Japan Machine Orders Fall to Record Low as Factories Sit Idle

Japanese machinery orders fell to a record low in July, signaling companies burdened with idle factories are wary that a rebound in global demand will last.

Orders, an indicator of capital spending in the next three to six months, plunged 9.3 percent from June to 665 billion yen ($7.2 billion), the lowest level since the survey began in 1987, the Cabinet Office said today in Tokyo. The decline was more the twice the 3.5 percent drop forecast by economists.

Consumer demand at home and abroad has yet to recover enough to spur investment by businesses. With more than a third of the country’s factory capacity still unused, companies including Toyota Motor Corp. are shutting assembly lines, not building them. Japanese stocks rose even after today’s report, as investors remained encouraged by signs of a global recovery.

“There’s been an enormous wave of confidence in the stock markets but that hasn’t been shared by business leaders,” said Martin Schulz, senior economist at Fujitsu Research Institute in Tokyo. “Producers know that lots of the improvement in exports and in the overall outlook has been on the back of government programs and they’re still troubled by the outlook.”

The Nikkei 225 Stock Average climbed 1.4 percent at 1:03 p.m. in Tokyo, extending its gains for the year to 18 percent following a rally in U.S. shares that saw indexes reach an 11- month high. The yen traded at 92.00 per dollar from 92.11 before the report was published.

Single Order

The decline in the machinery data was largely a reaction to a 9.7 percent jump in June that was driven by a single order for equipment used to generate nuclear power, the Cabinet Office said.
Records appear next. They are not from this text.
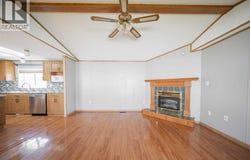 216 Cree Road, Fort McMurray, Alberta t9k1x8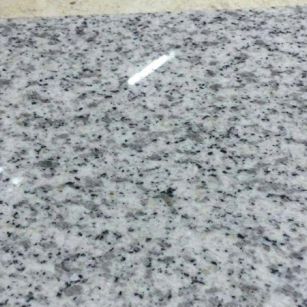 铜陵芝麻白光面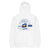 NBA on TNT Standby Hoodie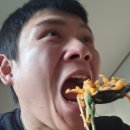 경산 자인비소-9 | 🍱 경산 자인 사동 점심 도시락 배달 바꿨더니 신세계...사월 배달까지 되는 으뜸맛집 비빔밥 특식 후기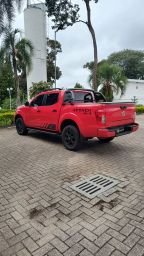 https://img.olx.com.br/thumbs256x256/85/852589276513868.jpg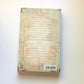 Counting sleeping beauties - Hazel Frankel (First edition)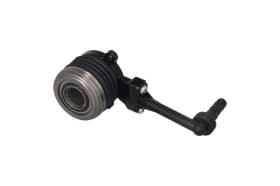 Витискний підшипник Витискний підшипник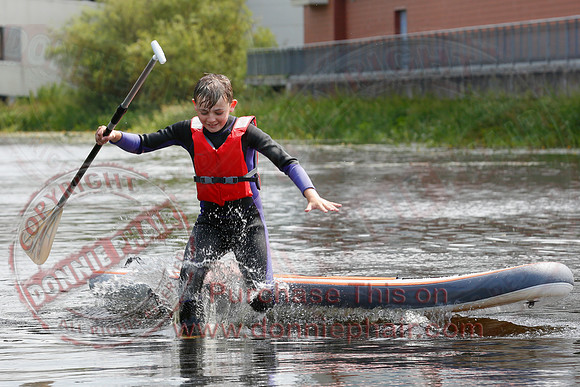 Water Acitivity Day in Enniskillen-41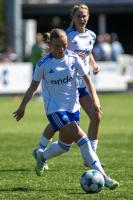 F.C. København - OB Q - 02/05-2026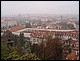 prague066.jpg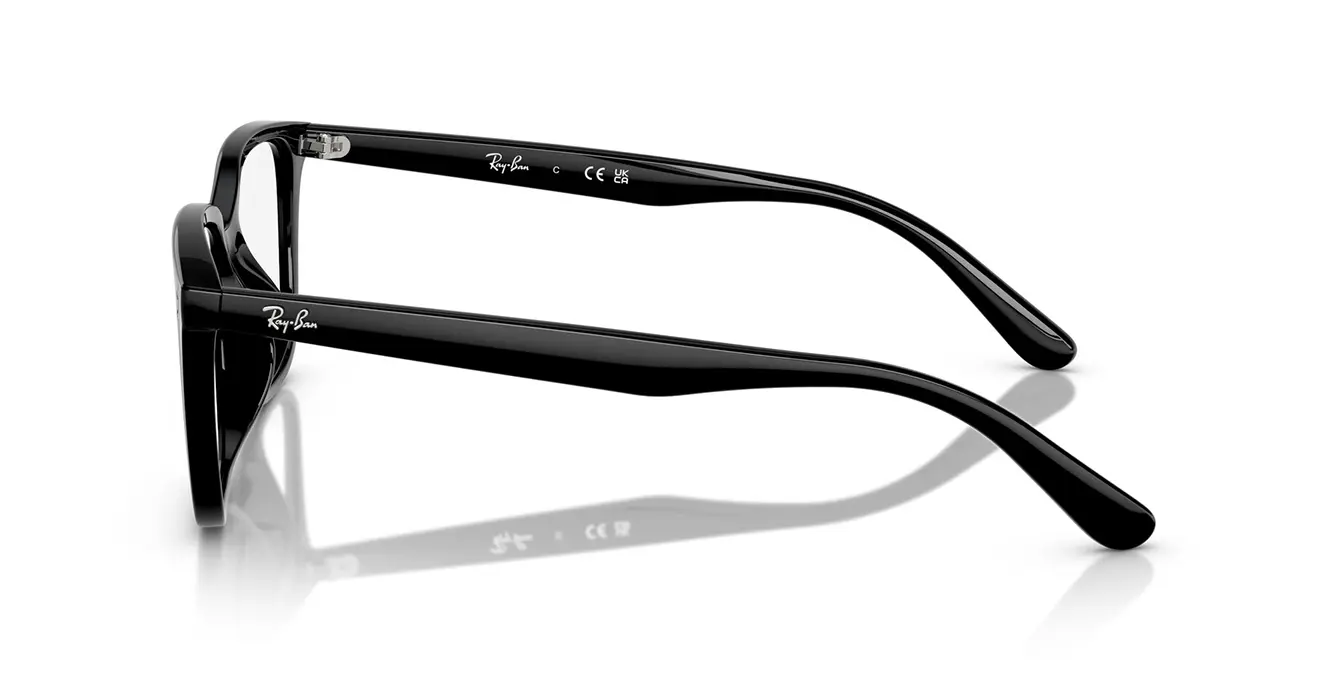 Ray-Ban RX7248D 2000 s55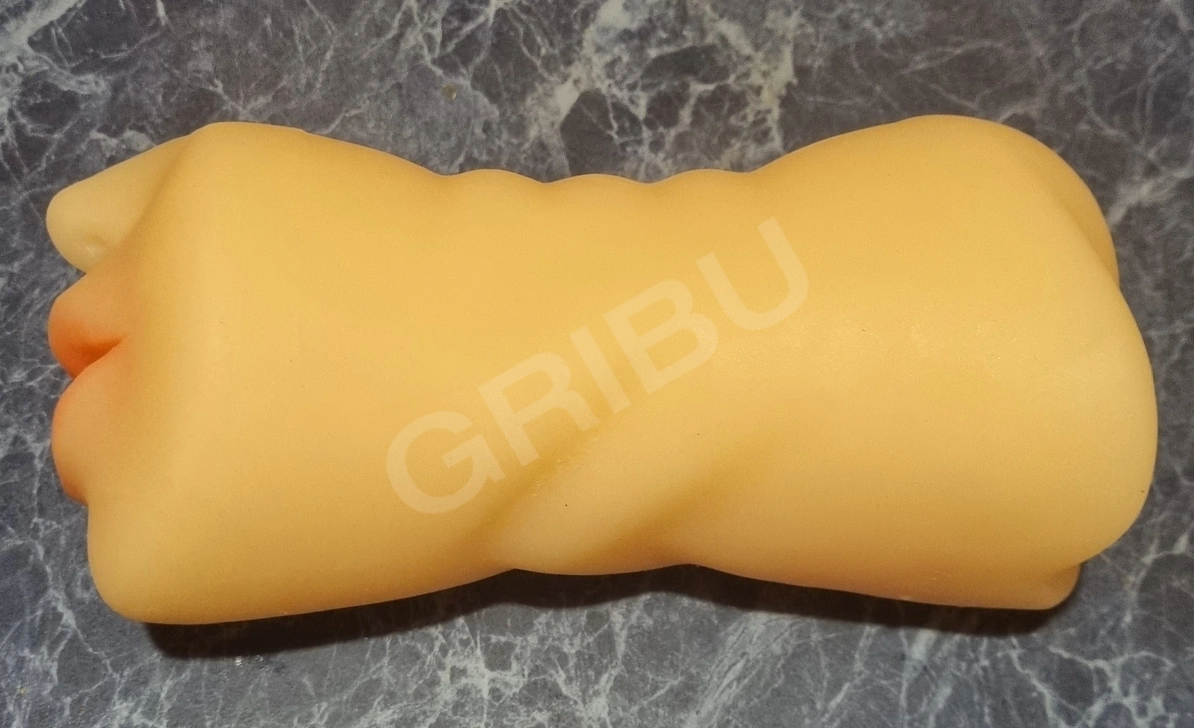 Advertisement (8395289) - Esmi6 4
More than $2 trillion in government spending worldwide is helping pull the world economy out of recession. Japan’s gross domestic product grew at a 3.7 percent annual rate in the second quarter, the first expansion in more than a year, the government is expected to confirm tomorrow in revised figures.

Economists expect the rebound to lose momentum as the effect of the stimulus packages wanes, forcing the Democratic Party of Japan, which won national elections on Aug. 30, to contend with a weakening economy. Factory output rose the least in four months in July and the jobless rate surged to a record 5.7 percent.

Weak global demand for energy and raw materials pushed wholesale costs lower in August, a separate report showed today. Producer prices fell 8.5 percent from a year earlier, matching a record drop set the previous month, the Bank of Japan said.

Fading Stimulus

In the latest signs that the worldwide stimulus is losing effect, the Australian government said today that employment fell in August.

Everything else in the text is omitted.